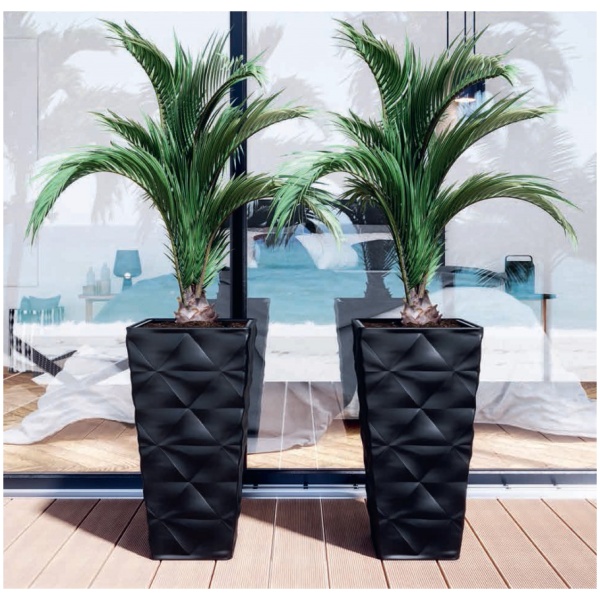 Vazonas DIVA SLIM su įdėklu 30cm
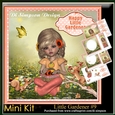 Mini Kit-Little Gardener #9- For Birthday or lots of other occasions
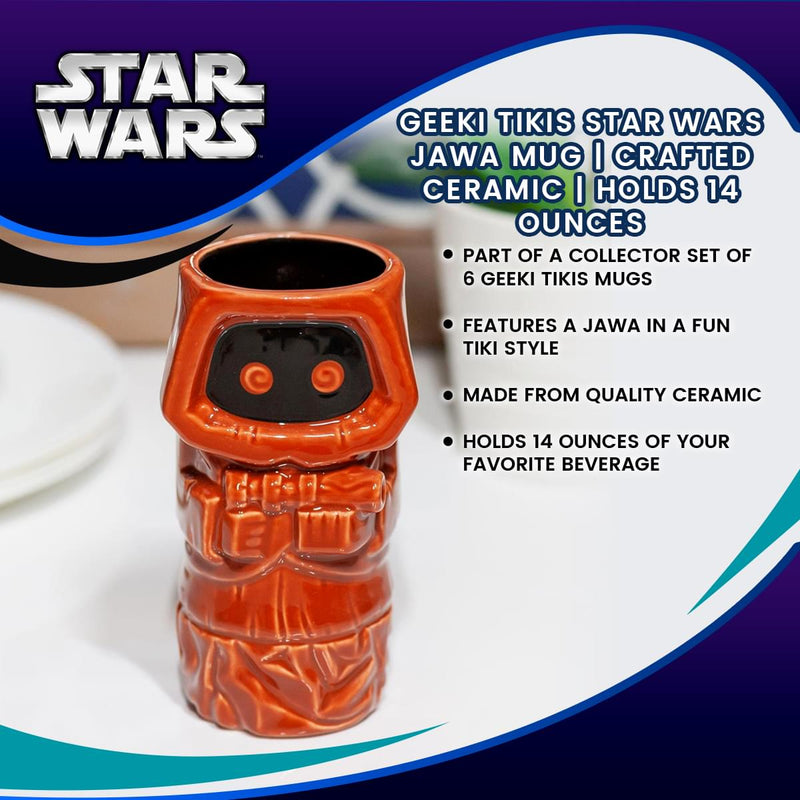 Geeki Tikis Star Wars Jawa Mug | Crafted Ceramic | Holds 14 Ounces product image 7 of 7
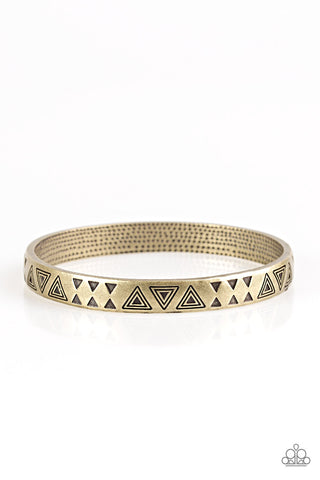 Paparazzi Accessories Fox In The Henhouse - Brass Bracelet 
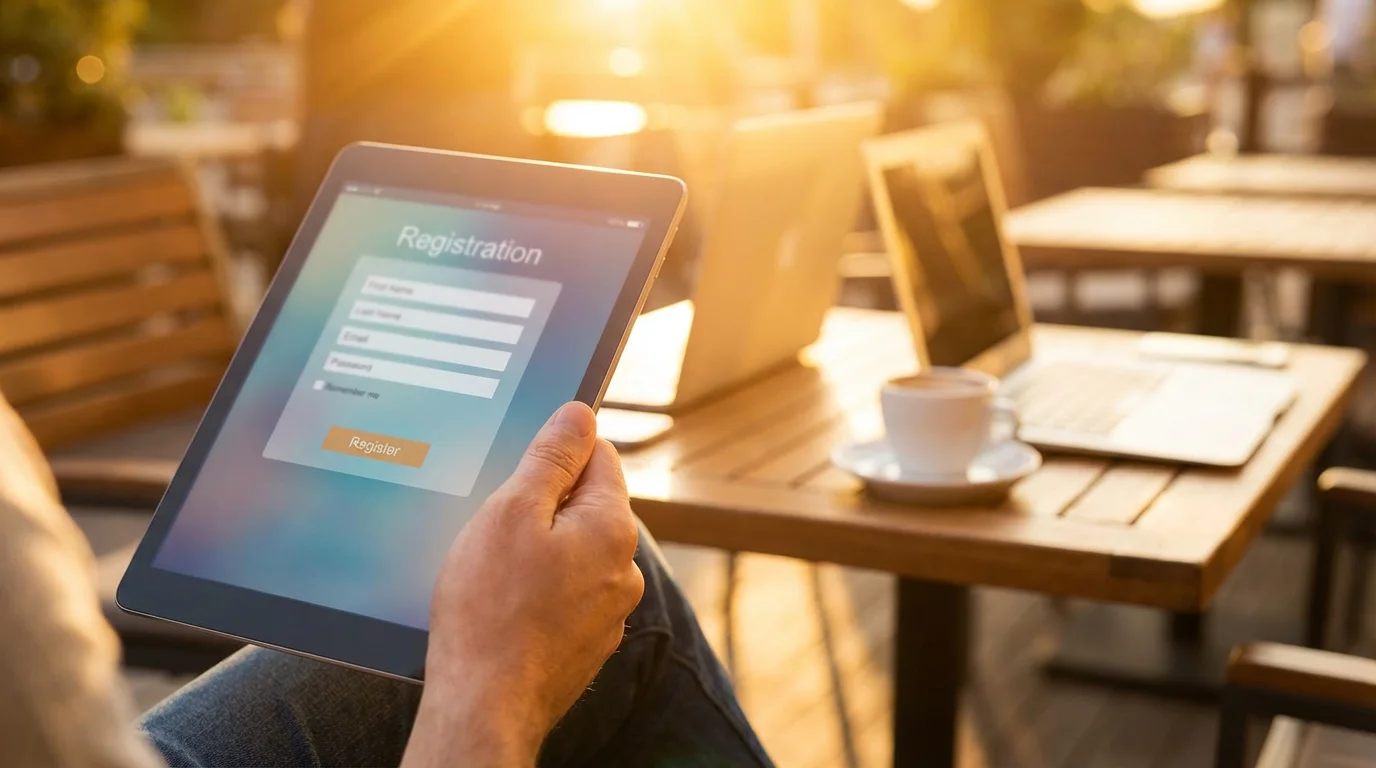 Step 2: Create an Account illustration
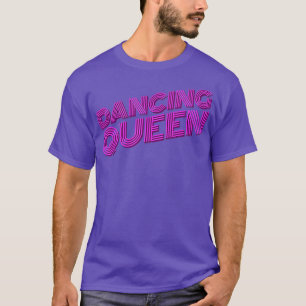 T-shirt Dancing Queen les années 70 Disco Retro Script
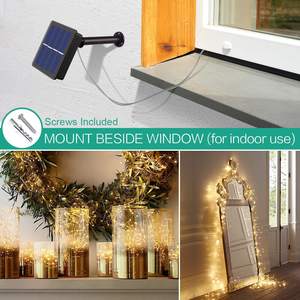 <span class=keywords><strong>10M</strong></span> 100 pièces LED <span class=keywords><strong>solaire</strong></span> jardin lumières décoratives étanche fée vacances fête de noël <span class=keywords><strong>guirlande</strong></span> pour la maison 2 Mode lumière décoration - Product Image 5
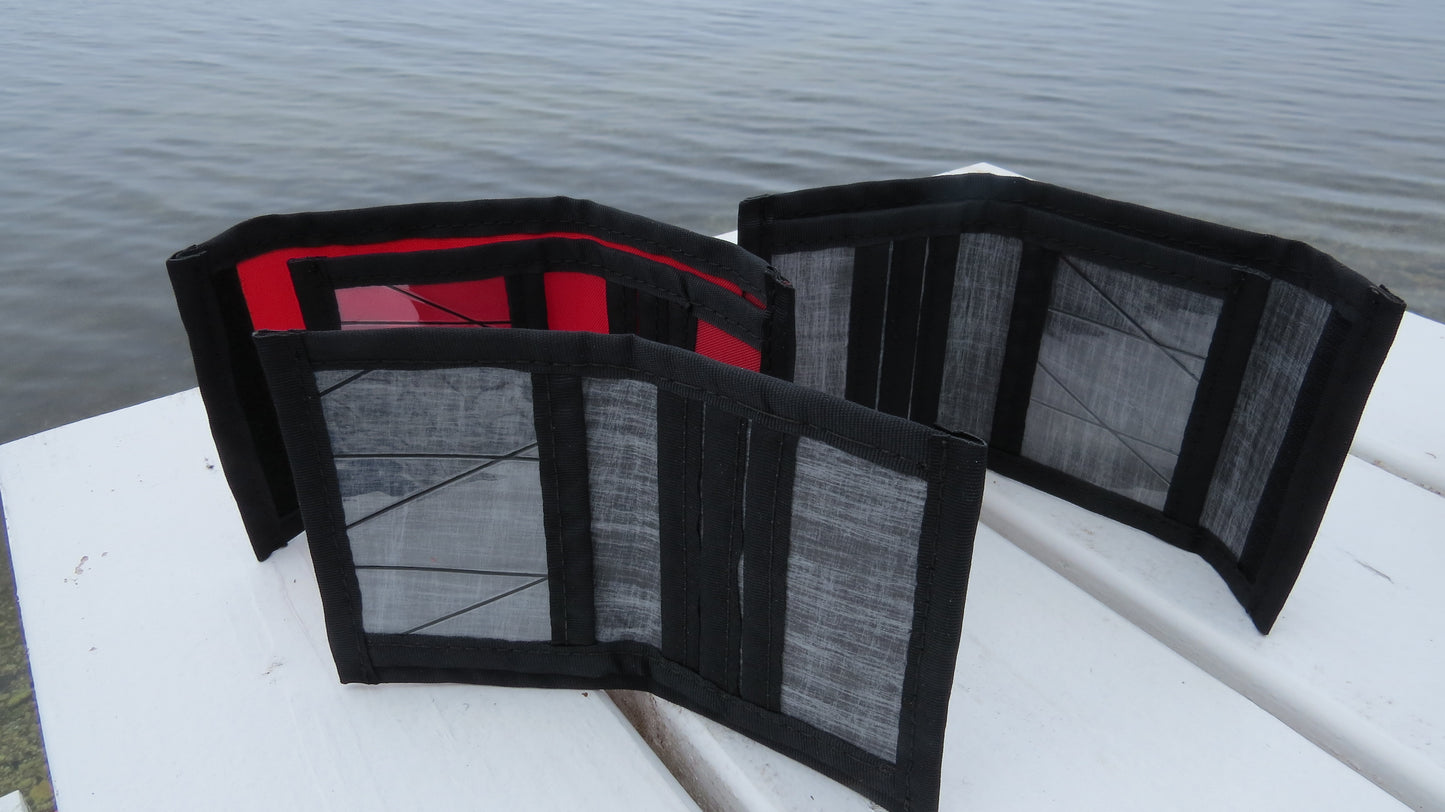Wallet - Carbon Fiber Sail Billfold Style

--

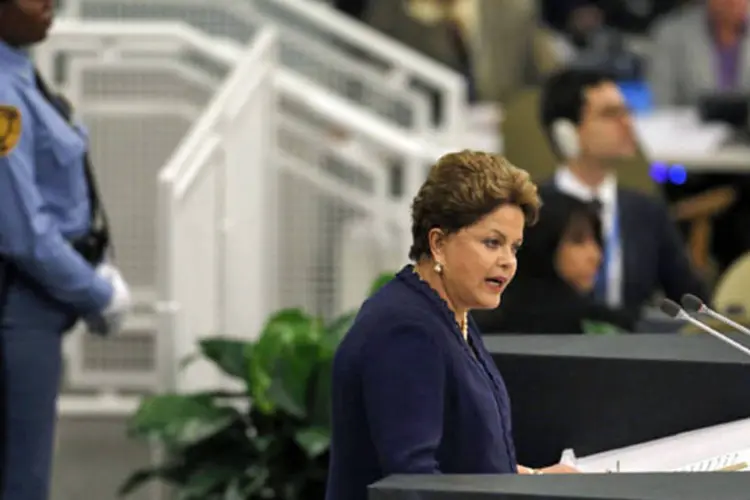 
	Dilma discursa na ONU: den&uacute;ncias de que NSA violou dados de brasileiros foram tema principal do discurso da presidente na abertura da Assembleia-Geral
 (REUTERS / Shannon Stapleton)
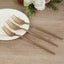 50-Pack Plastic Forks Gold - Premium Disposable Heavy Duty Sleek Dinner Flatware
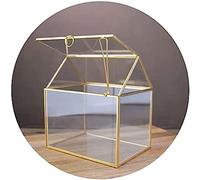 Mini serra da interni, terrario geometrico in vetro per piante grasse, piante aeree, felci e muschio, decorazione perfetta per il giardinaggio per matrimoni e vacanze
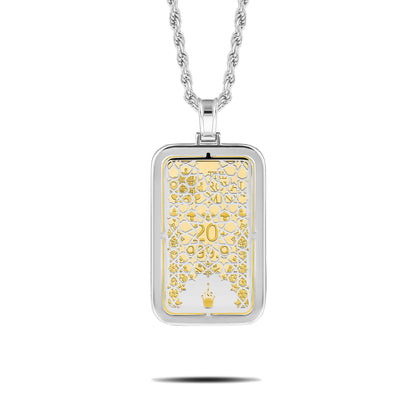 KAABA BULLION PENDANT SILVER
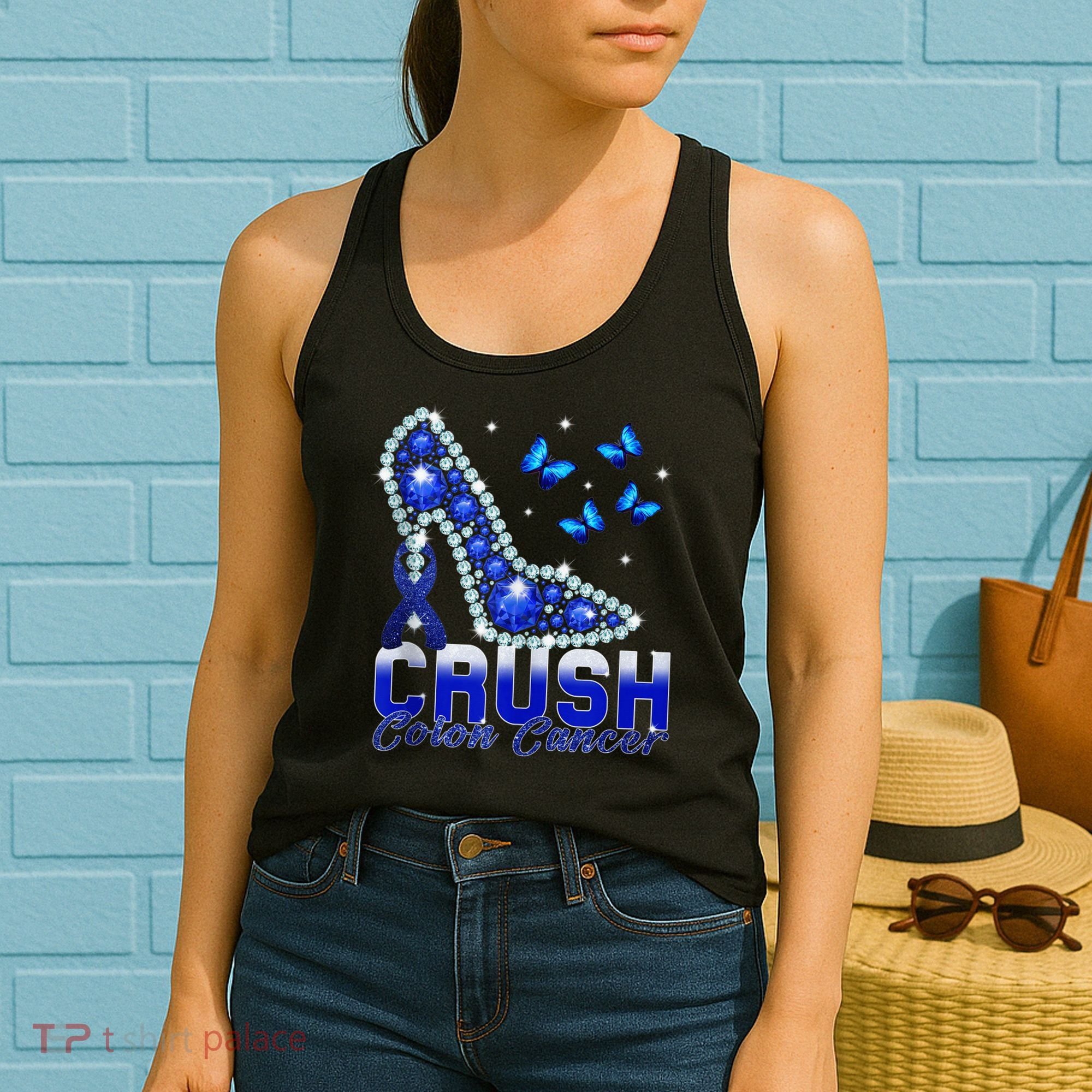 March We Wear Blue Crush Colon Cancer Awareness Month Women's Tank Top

What is needed:
Although the records above contain pictures, the copy should not; retype exactly the lines from the one containing "T-shirt Dancing Queen" through the one containing "Wallet - Carbon Fiber Sail Billfold Style".

Exercise result:
 T-shirt Dancing Queen les années 70 Disco Retro Script
 <span class=keywords><strong>10M</strong></span> 100 pièces LED <span class=keywords><strong>solaire</strong></span> jardin lumières décoratives étanche fée vacances fête de noël <span class=keywords><strong>guirlande</strong></span> pour la maison 2 Mode lumière décoration - Product Image 5
Wallet - Carbon Fiber Sail Billfold Style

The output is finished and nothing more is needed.